斟酌開口:“你……你也是被那,那個男人綁架來的嗎?”
謝淮和點頭,何靈抿着唇,眼裡帶着擔憂:“你的眼睛是怎麼回事?”
謝淮和道:“被樓毒瞎了。”
何靈倒吸一口涼氣,她也明白那個男人是叫樓。
謝淮和不打算讓别人了解這些私事。主動解開傷口是不明智的選擇。但如果解開傷口會帶來一些好處的話,謝淮和還是願意的。

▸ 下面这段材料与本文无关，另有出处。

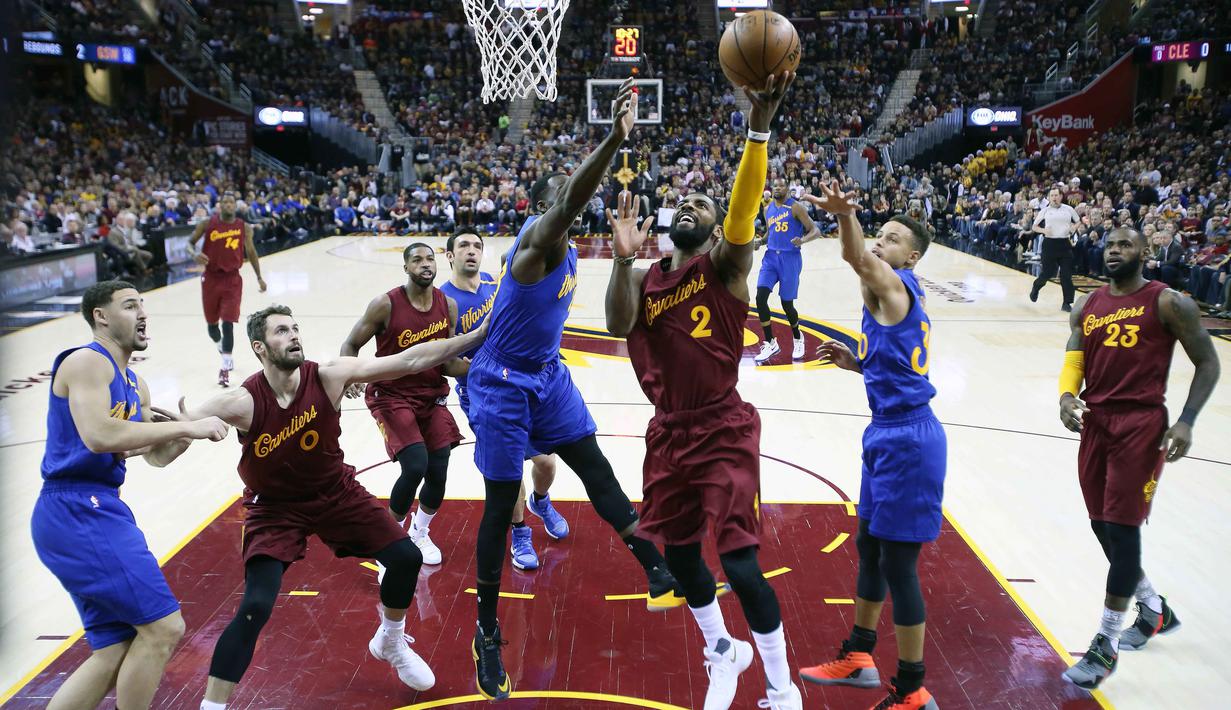 Pemain Cleveland, Kyrie Irving (2) melakukan tembakan saat dihadang pemain Golden State Warriors, Draymond Green (23) pada laga NBA di Quicken Loans Arena, (25/12/2016). Cleveland menang 109-108. (Reuters/Brian Spurlock-USA TODAY Sports)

謝淮和主動問起她的名字,她說她叫何靈,但謝淮和沒說自己的名字。
要是她是玩家的話,已謝淮和在“黑瓦”裡的黑名,大家可不都來弄她來了?
為什麼有黑名?
因為商九的容貌讓白玫瑰公會小小地在遊戲裡火起來了。也因為商九對自己貼臉的行為讓她的粉絲開始對謝淮和進行了圍攻。
謝淮和知道了這件事情借着和商九在現實世界裡談戀愛之後罵了她幾句。
畢竟謝淮和真不喜歡商九,互相利用而已罷了。